Exercise directions: Below are some records. Return exactly the lines from the one with "South Africa 10" to the one with "Navy Blue 21st", and nothing else.

Entries shown:
======
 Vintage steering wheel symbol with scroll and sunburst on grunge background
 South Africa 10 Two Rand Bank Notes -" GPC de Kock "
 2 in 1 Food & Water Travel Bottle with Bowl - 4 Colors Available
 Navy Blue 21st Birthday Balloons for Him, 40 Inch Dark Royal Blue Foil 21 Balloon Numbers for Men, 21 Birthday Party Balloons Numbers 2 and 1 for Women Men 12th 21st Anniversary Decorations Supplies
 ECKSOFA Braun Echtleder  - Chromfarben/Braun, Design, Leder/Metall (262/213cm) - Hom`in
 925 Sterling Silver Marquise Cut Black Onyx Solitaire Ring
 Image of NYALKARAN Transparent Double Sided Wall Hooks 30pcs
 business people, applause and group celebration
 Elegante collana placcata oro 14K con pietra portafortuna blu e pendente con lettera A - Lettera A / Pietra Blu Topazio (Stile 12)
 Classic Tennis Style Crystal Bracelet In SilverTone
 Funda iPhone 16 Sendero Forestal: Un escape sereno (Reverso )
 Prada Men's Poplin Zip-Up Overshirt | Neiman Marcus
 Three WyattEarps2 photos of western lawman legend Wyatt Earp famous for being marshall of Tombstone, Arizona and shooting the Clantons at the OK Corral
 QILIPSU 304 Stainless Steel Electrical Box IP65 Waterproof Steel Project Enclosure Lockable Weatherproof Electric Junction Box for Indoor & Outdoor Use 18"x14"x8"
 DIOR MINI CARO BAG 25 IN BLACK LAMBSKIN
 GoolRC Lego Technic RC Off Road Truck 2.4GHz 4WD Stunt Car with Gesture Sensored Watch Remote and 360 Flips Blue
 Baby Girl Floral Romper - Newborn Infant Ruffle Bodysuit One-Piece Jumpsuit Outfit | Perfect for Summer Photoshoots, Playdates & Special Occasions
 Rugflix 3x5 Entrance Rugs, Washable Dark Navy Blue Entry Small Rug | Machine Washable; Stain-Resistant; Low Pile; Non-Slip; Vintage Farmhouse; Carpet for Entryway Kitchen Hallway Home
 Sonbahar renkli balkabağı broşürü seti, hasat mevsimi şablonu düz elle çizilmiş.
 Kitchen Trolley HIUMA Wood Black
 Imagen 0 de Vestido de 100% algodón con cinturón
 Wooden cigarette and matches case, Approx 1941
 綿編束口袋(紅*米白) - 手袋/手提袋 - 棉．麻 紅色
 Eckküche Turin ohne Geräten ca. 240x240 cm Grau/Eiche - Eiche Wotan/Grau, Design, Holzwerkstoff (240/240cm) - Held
======
Result of the exercise:
 South Africa 10 Two Rand Bank Notes -" GPC de Kock "
 2 in 1 Food & Water Travel Bottle with Bowl - 4 Colors Available
 Navy Blue 21st Birthday Balloons for Him, 40 Inch Dark Royal Blue Foil 21 Balloon Numbers for Men, 21 Birthday Party Balloons Numbers 2 and 1 for Women Men 12th 21st Anniversary Decorations Supplies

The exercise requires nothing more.